* [What the task asks] All of the data must be output exactly, with every picture left out.
*** Supplied information ***
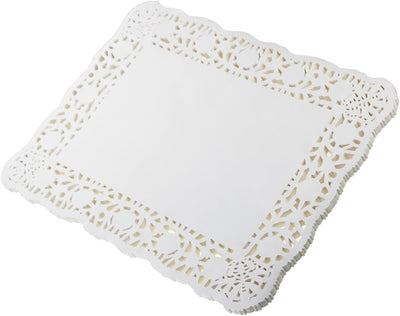 100 Pzas papel encaje blanco 12x16pulg para vajilla boda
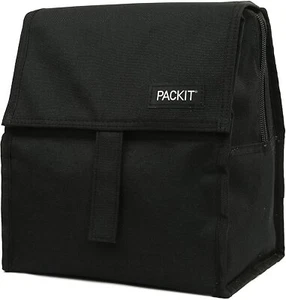PackIt Freezable Lunch Bag with Zip Closure, Black - Picture 1 of 5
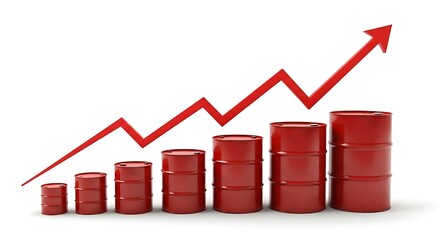 Fototapeta premium Increasing Trend of Oil Barrel Production Over Time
*** End of Supplied information ***
* [Output below]
 100 Pzas papel encaje blanco 12x16pulg para vajilla boda
PackIt Freezable Lunch Bag with Zip Closure, Black - Picture 1 of 5
 Fototapeta premium Increasing Trend of Oil Barrel Production Over Time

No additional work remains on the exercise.